Aim of the task – All of the listing should be returned as written, apart from any picture in it.

Supplied material –
- - - - - - -

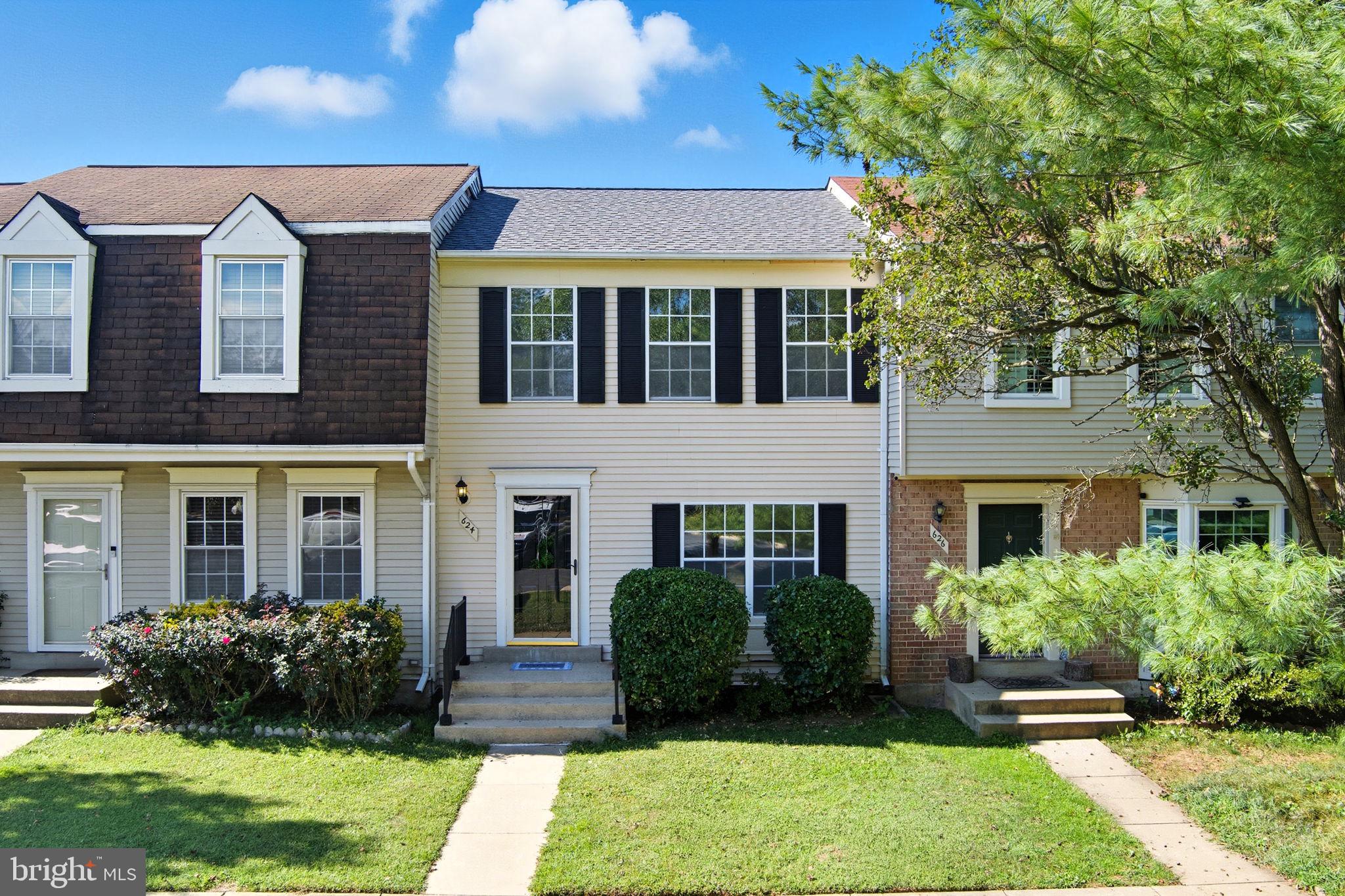 624 WHISPERING WIND COURT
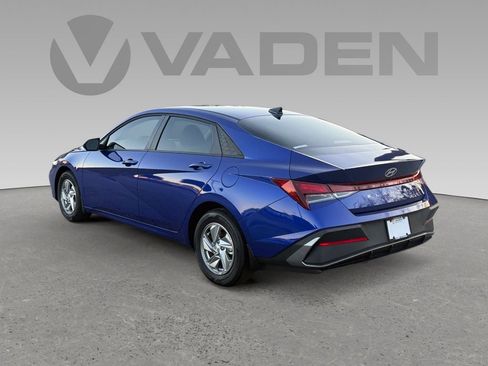 New 2026 Hyundai Elantra SE image 23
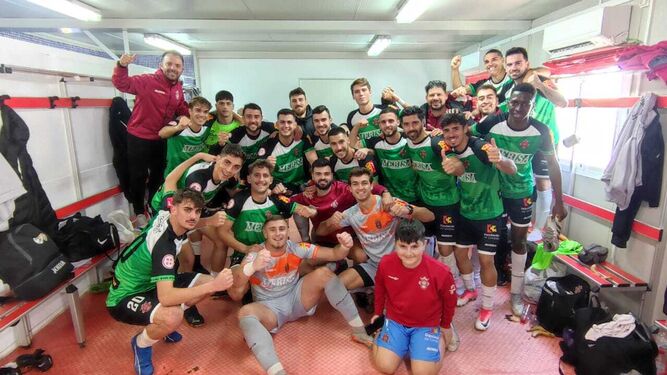 Los jugadores del Atlético Espeleño celebran su triunfo ante el Sevilla C.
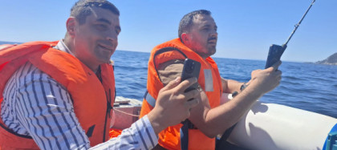 George Simion și Dan Dungaciu, la pescuit alături de călugării de pe Muntele Athos. „Ne-au făcut mai întăriți pentru ce va urma”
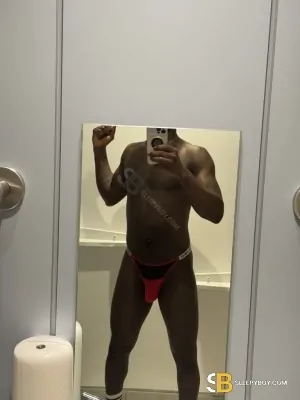 Gay Escort Smith 27yr - exhibitionist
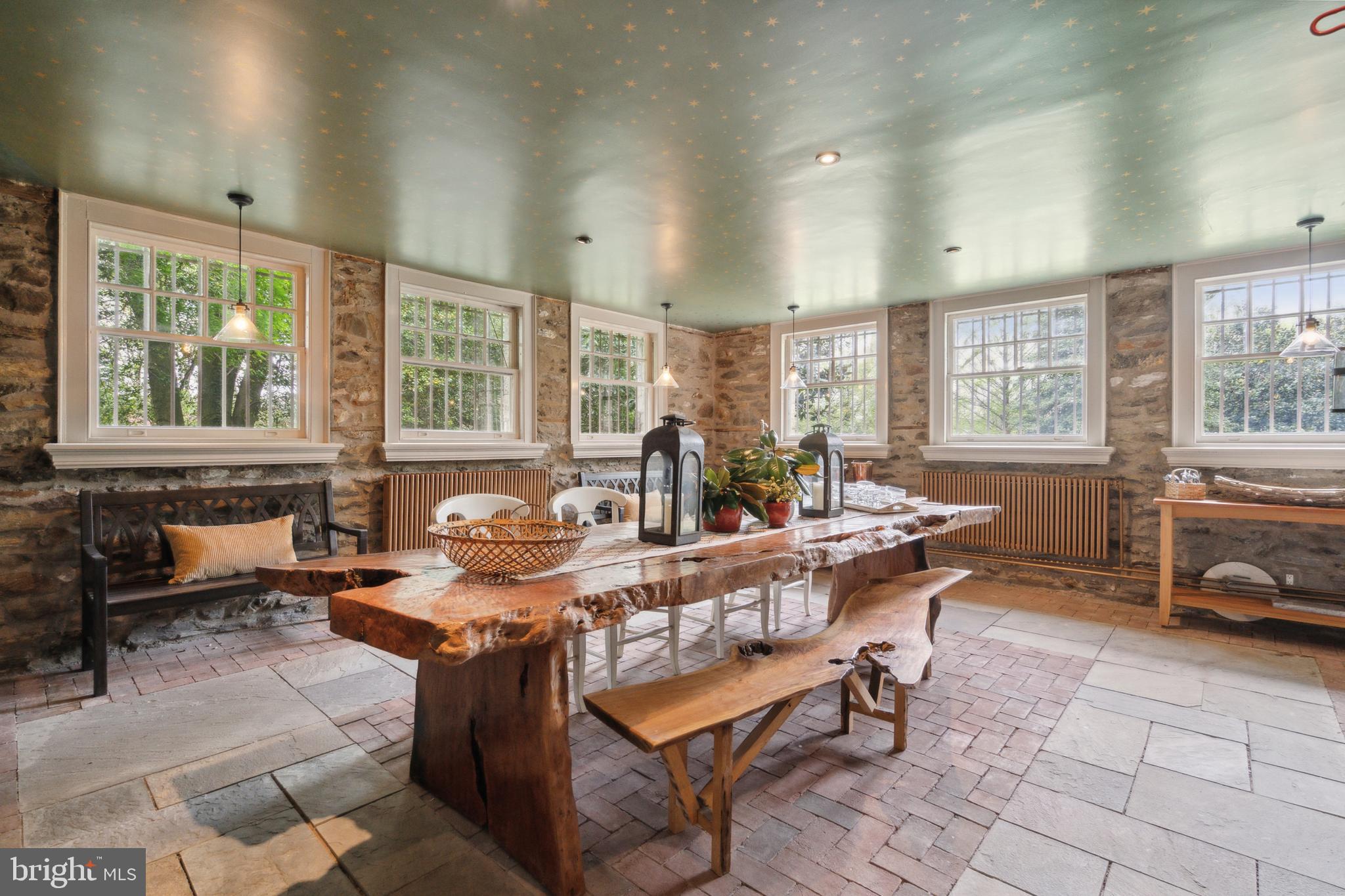 CHESTNUT HILL - Residential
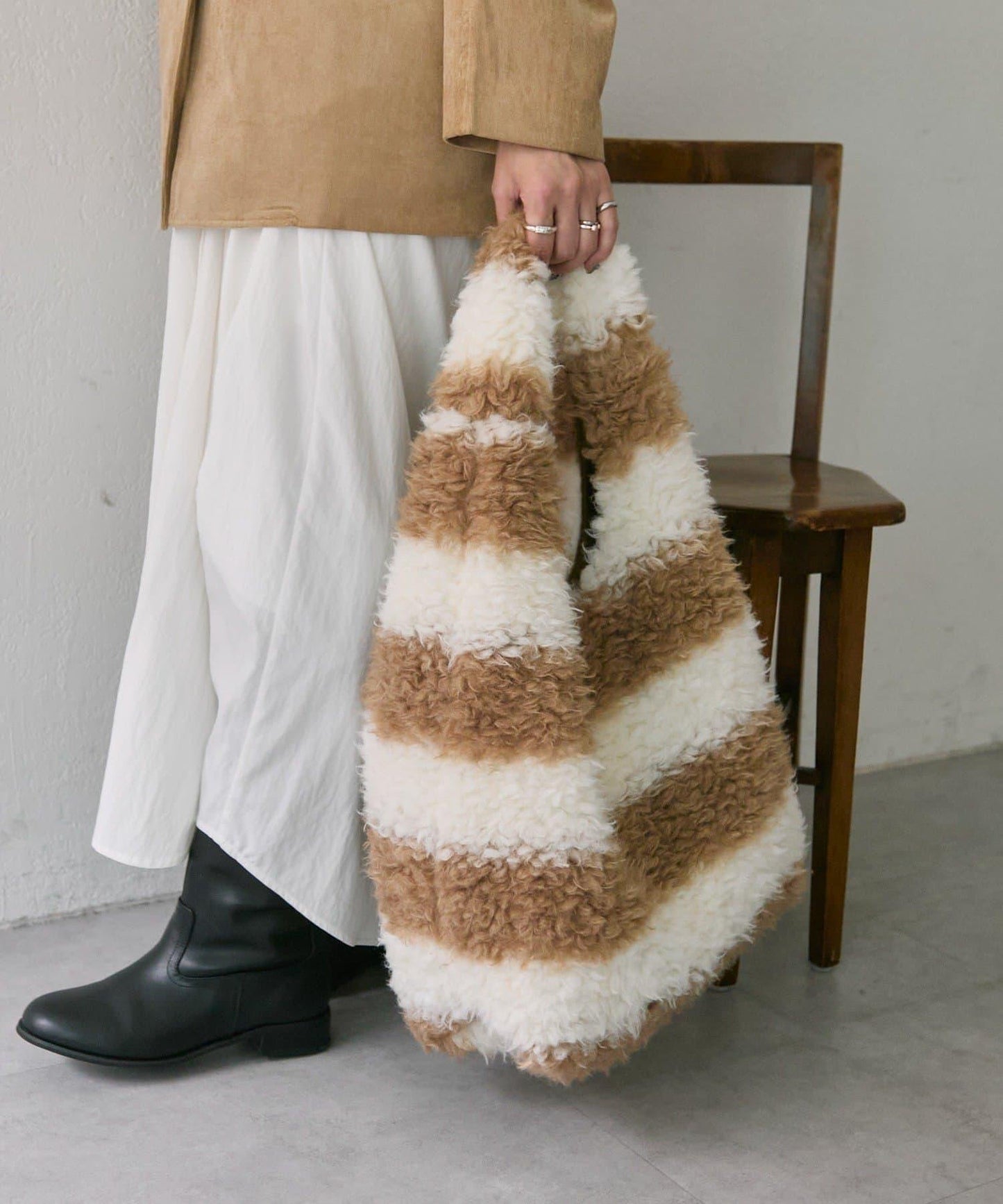 【ear PAPILLONNER】毛絨手提包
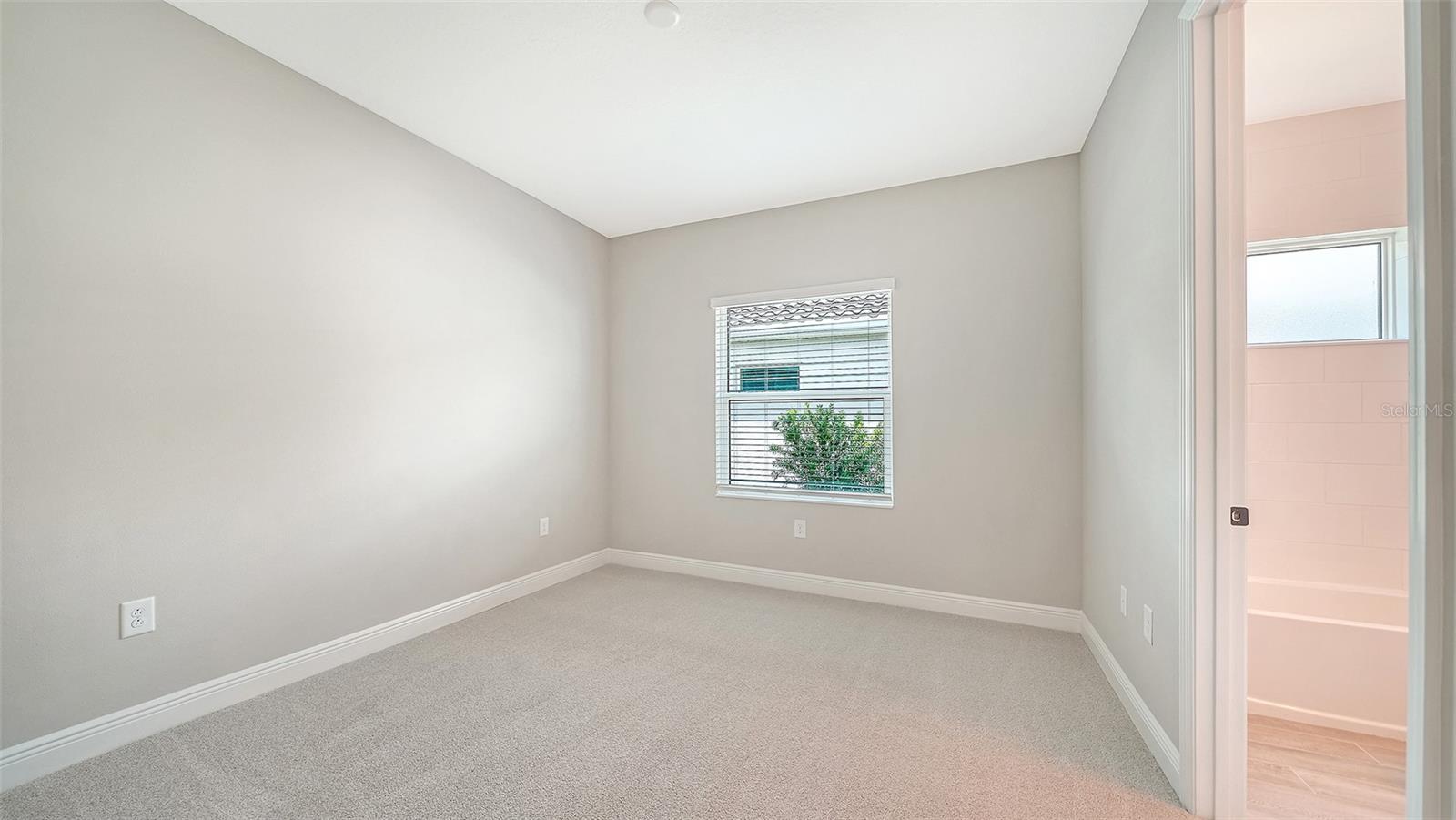 8063 Anthirium Loop Property Photo 29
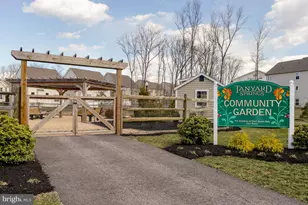 7649 Timbercross Ln, Glen Burnie, MD 21060 - Photo 40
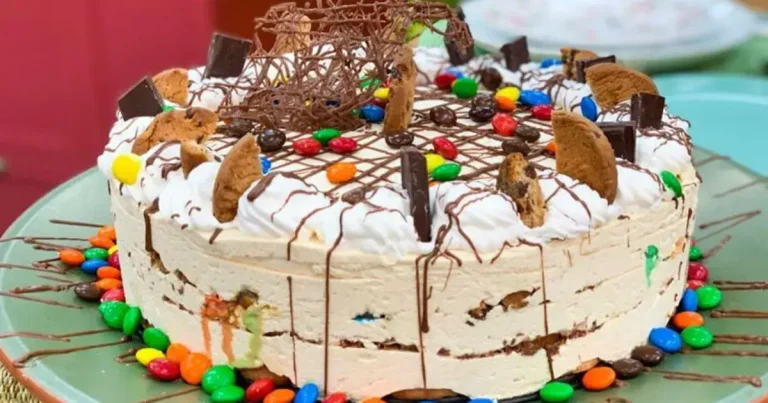 Foto da receita de Torta de Biscoito Gelada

- - - - - - -

Answer for the task –
 624 WHISPERING WIND COURT
 New 2026 Hyundai Elantra SE image 23
 Los jugadores del Atlético Espeleño celebran su triunfo ante el Sevilla C.
 George Simion și Dan Dungaciu, la pescuit alături de călugării de pe Muntele Athos. „Ne-au făcut mai întăriți pentru ce va urma”
 Gay Escort Smith 27yr - exhibitionist
 CHESTNUT HILL - Residential
 【ear PAPILLONNER】毛絨手提包
 8063 Anthirium Loop Property Photo 29
 7649 Timbercross Ln, Glen Burnie, MD 21060 - Photo 40
 Foto da receita de Torta de Biscoito Gelada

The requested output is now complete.